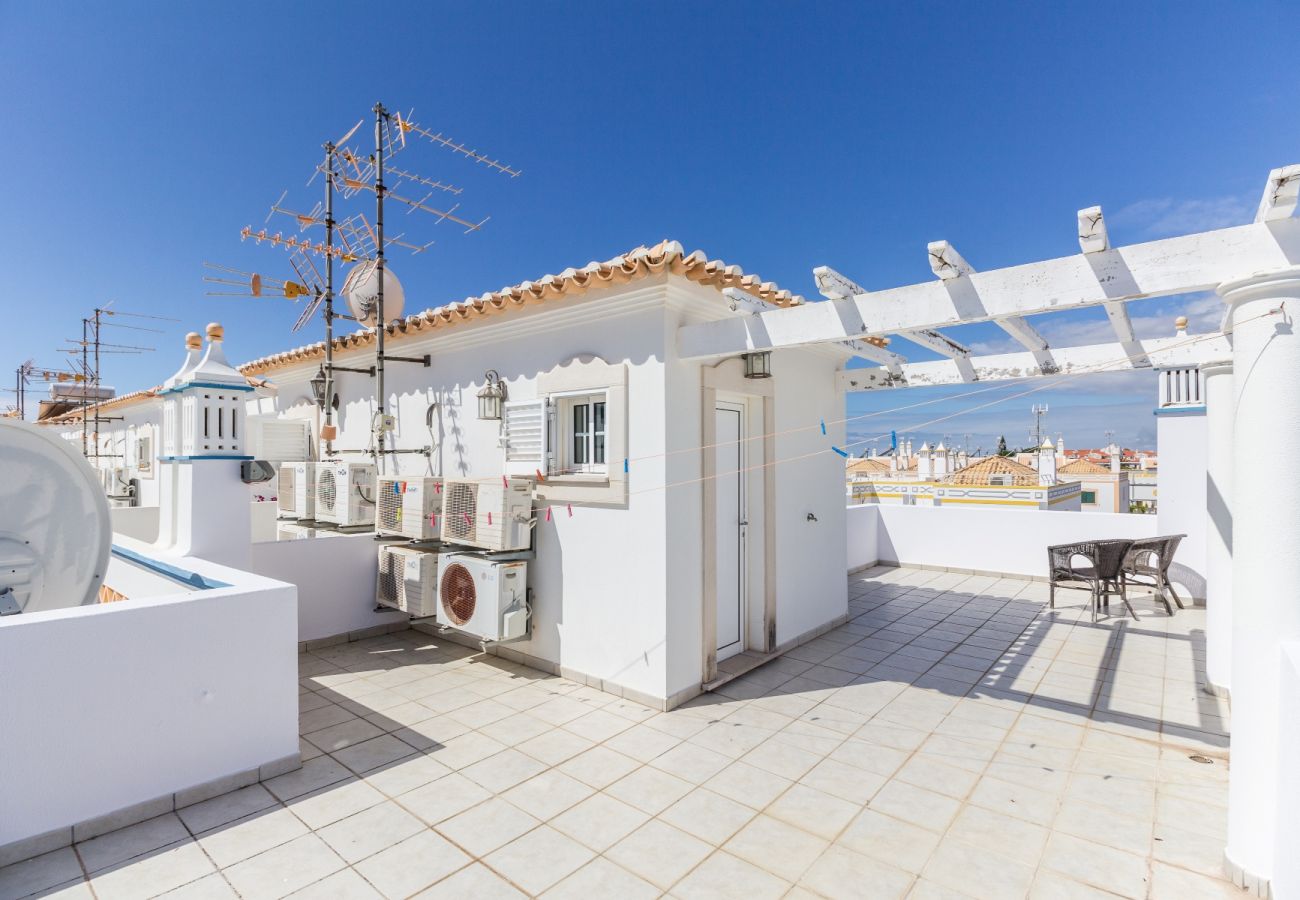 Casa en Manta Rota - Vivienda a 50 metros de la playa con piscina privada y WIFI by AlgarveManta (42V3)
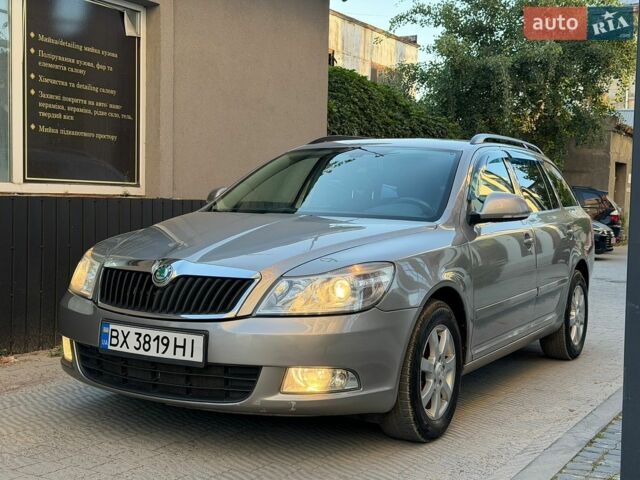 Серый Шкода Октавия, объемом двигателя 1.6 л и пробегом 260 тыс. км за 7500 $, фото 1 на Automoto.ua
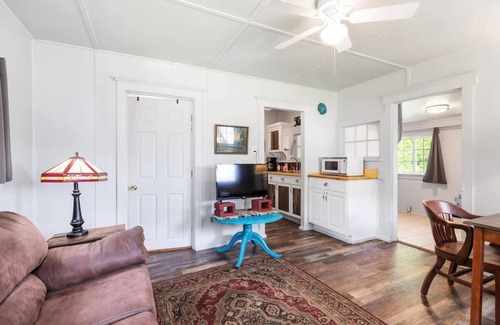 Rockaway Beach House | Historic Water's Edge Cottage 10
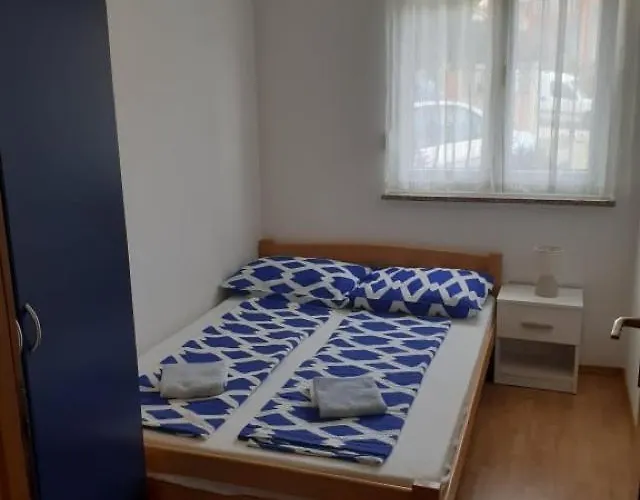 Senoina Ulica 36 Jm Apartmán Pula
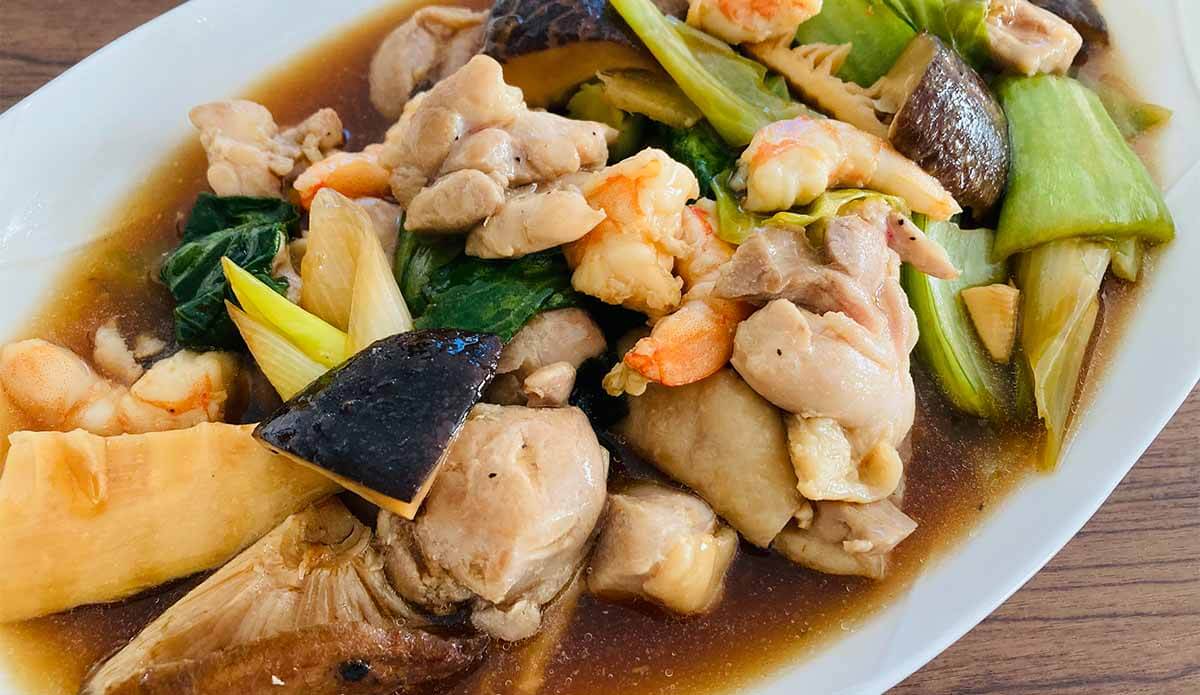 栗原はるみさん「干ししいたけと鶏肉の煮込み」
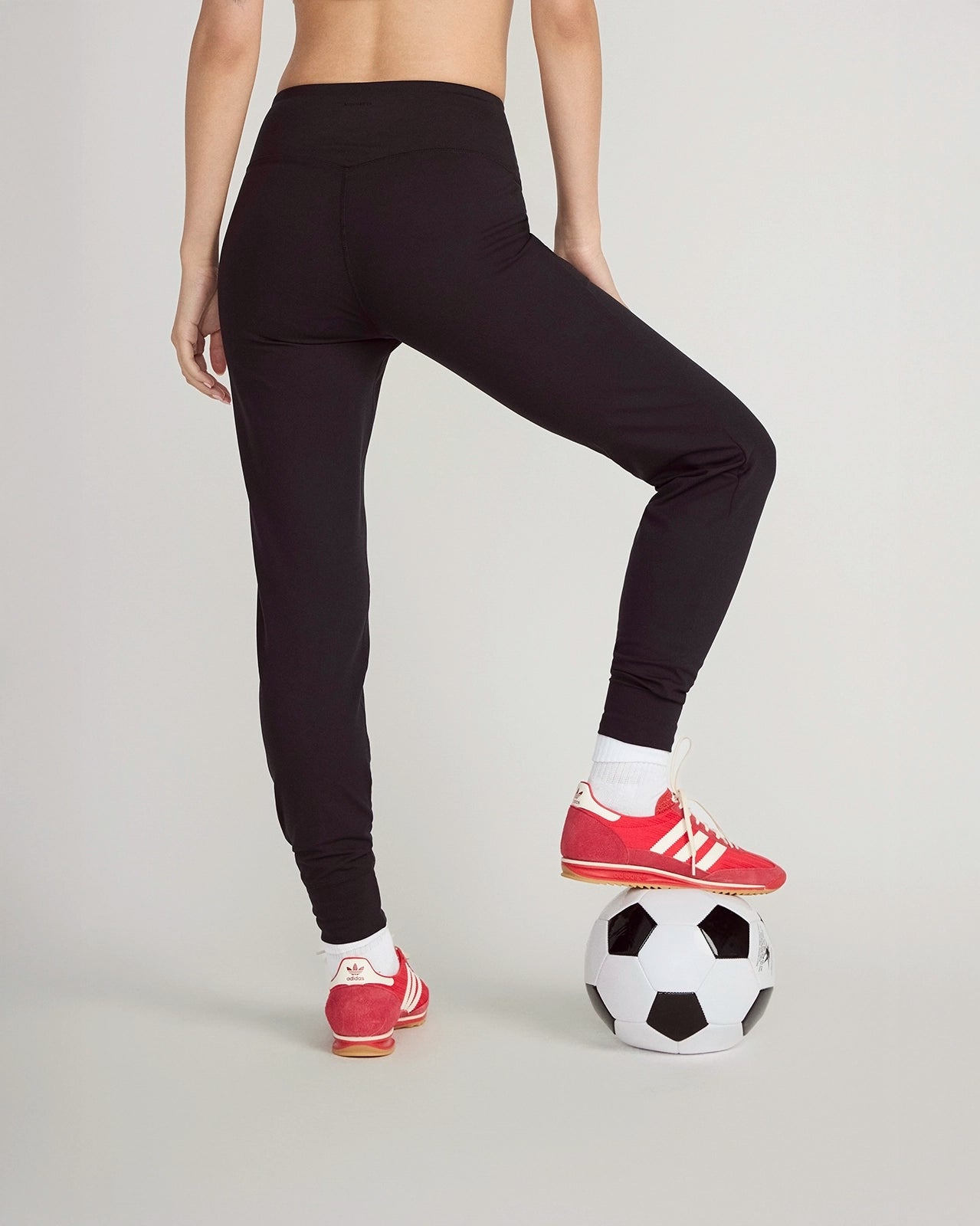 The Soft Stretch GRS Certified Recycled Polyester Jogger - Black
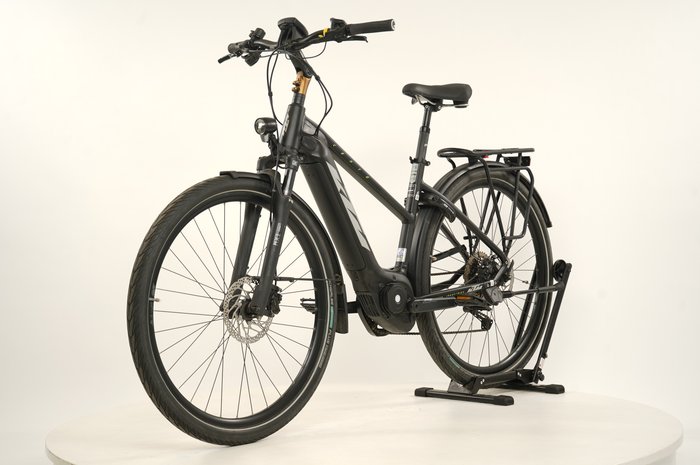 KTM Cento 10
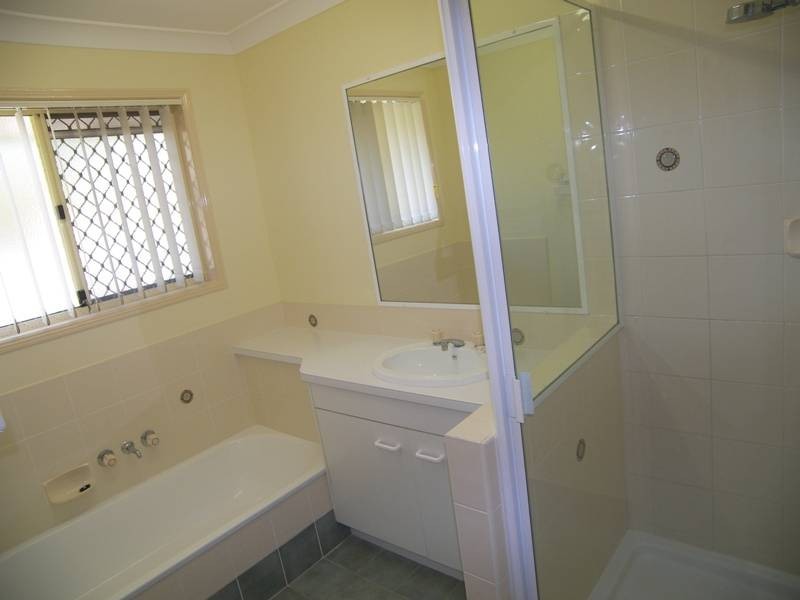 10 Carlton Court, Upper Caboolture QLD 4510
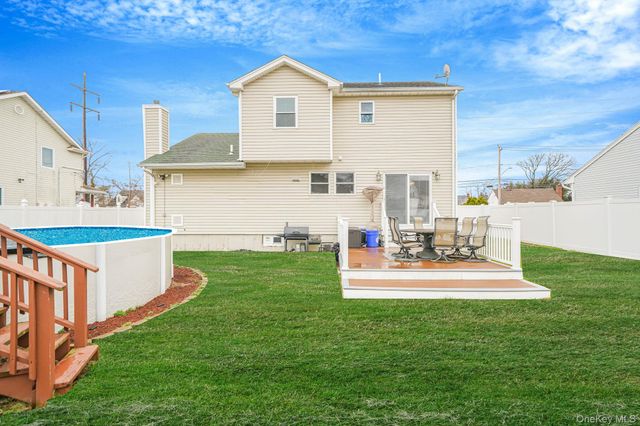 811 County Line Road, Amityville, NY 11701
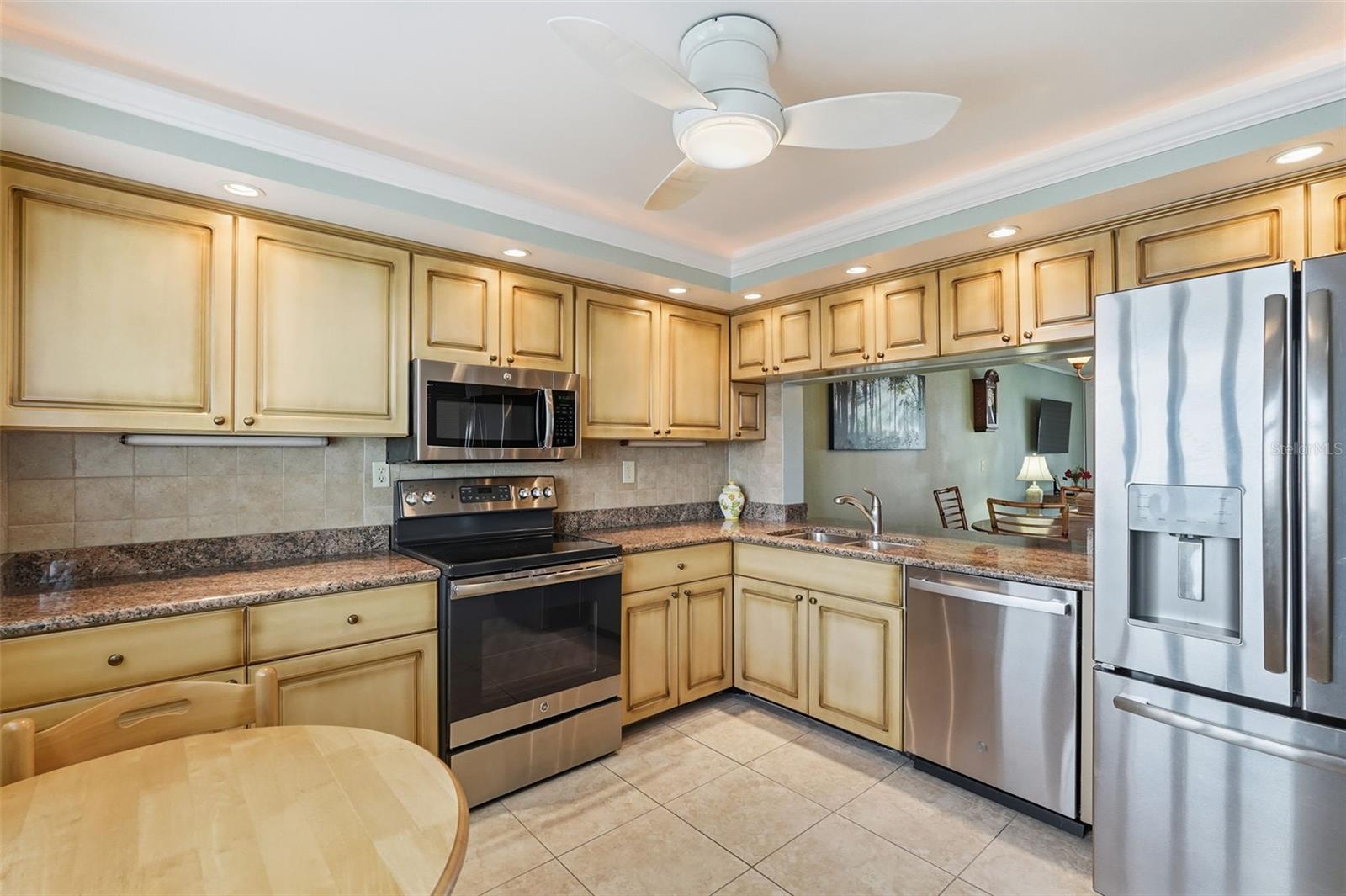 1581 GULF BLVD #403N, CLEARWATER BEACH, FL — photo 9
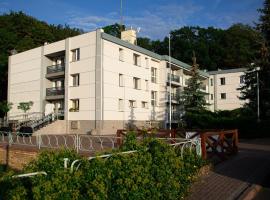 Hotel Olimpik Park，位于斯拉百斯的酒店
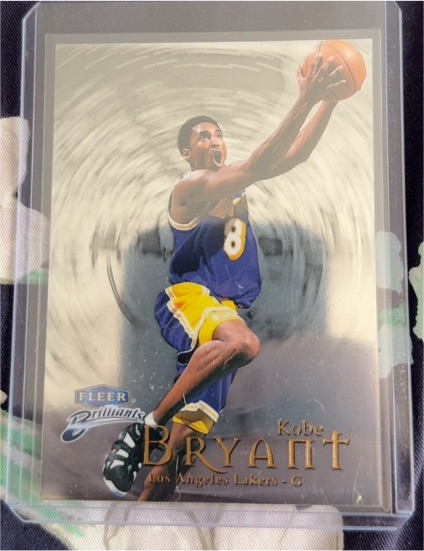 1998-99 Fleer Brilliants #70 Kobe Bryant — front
----------------------------------------
What to produce: Each entry above should be printed again word for word, with any picture dropped.

Result of the exercise:
 Casa en Manta Rota - Vivienda a 50 metros de la playa con piscina privada y WIFI by AlgarveManta (42V3)
 Серый Шкода Октавия, объемом двигателя 1.6 л и пробегом 260 тыс. км за 7500 $, фото 1 на Automoto.ua
 Rockaway Beach House | Historic Water's Edge Cottage 10
 Senoina Ulica 36 Jm Apartmán Pula
 栗原はるみさん「干ししいたけと鶏肉の煮込み」
 The Soft Stretch GRS Certified Recycled Polyester Jogger - Black
 KTM Cento 10
 10 Carlton Court, Upper Caboolture QLD 4510
 811 County Line Road, Amityville, NY 11701
 1581 GULF BLVD #403N, CLEARWATER BEACH, FL — photo 9
 Hotel Olimpik Park，位于斯拉百斯的酒店
 1998-99 Fleer Brilliants #70 Kobe Bryant — front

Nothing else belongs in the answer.